Bannon foi preso e só se livrou da pena graças a Donald Trump, que lhe concedeu o perdão no seu último dia de mandato. Como se sabe, as táticas utilizadas pela extrema direita no mundo estão todas presentes na cartilha de Bannon. As declarações diárias, polêmicas, negacionistas, absurdas, conspiratórias e contraditórias são uma estratégia de guerrilha de narrativa que constam nela. Colocar as eleições sob suspeita figura entre as recomendações.
No ano passado, o guru americano escolheu Eduardo Bolsonaro para ser o líder do The Movement na América Latina, uma organização dedicada a defender os interesses dos ultra reacionários espalhados pelo mundo. A tentativa de golpe orquestrada por Trump nos EUA contou com a participação de Eduardo. Ele foi o único estrangeiro presente no chamado “conselho de guerra”, que organizou a invasão ao Capitólio. Horas antes da invasão, Eduardo postou uma foto ao lado de Lindell e o apresentou com a usual finesse bolsonarista: “ex-drogado e hoje um empresário de sucesso nos EUA”.
Mike Lindell é um excêntrico presidente de uma fabricante de travesseiros que gosta de aparecer nas propagandas da sua empresa. É como Luciano Hang. Além de banido do Twitter por divulgar mentiras sobre fraude eleitoral, o republicano também conseguiu a proeza de ser banido de uma conferência entre governadores republicanos.
O empresário está sendo processado pela empresa Dominion Voting Systems, que o acusou de difamação pelas alegações infundadas de fraude eleitoral envolvendo urnas eletrônicas nas eleições americanas. A empresa pede mais de US$ 1 bilhão em indenização na justiça, o que pode levar o milionário picareta à falência. Recentemente, a CNN fez uma reportagem desmontando a teoria conspiratória de Lindell – ele afirma que as urnas americanas foram hackeadas pela China para eleger Biden.

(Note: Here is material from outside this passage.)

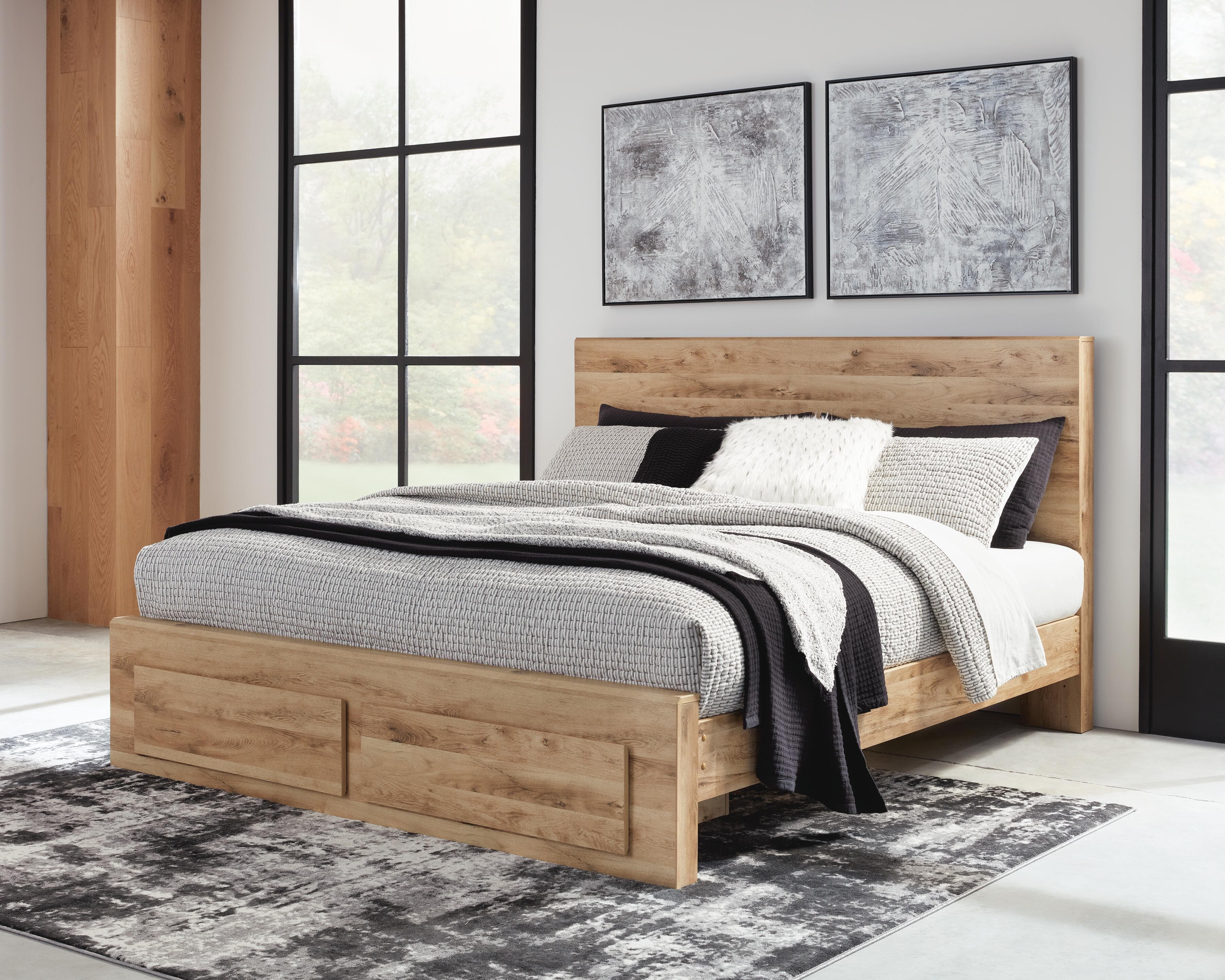 Hyanna Queen Panel Storage Bed — Brown/Beige — view 2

A reportagem provou que a alegação é mentirosa, já que as urnas e todo o sistema de votação eletrônico não estão conectados à internet.
Trump está há sete meses fora da Casa Branca, mas ele e seus aliados seguem investindo em promover golpes de estado nos EUA e no exterior. Na semana passada, durante a visita ao Brasil, o representante de Biden disse a Bolsonaro que a Casa Branca confia no sistema eleitoral do Brasil e que não há indícios de fraude nas eleições brasileiras. O americano afirmou também que os EUA acreditam ser importante não minar a confiança dos eleitores no processo eleitoral.
A presença de Eduardo Bolsonaro no evento golpista de Bannon e Lindell causou ainda mais constrangimento à diplomacia brasileira. Os EUA pareciam dispostos a esquecer as falsas acusações de Bolsonaro com relação às eleições americanas, tentando criar pontes de diálogo com o governo brasileiro. Mas presença do filho do presidente em evento golpista, ao lado de bandidos que conspiram contra o governo americano, foi um balde de água fria nessa tentativa de aproximação.
Trump perdeu a eleição, mas conseguiu manter acesa a chama da desconfiança sobre o processo eleitoral acesa nos EUA. Boa parte da população acredita que houve fraude. O bolsonarismo já está preparando o terreno para fazer o mesmo no Brasil caso saia derrotado das urnas. As pesquisas indicam que 20% dos brasileiros não confiam nas urnas, apesar da absoluta falta de indícios de fraude.
Mesmo que Bolsonaro não seja reeleito, o bolsonarismo continuará vivo. E eles continuarão a usar o know-how de Bannon e a investir nas conspirações contra a democracia.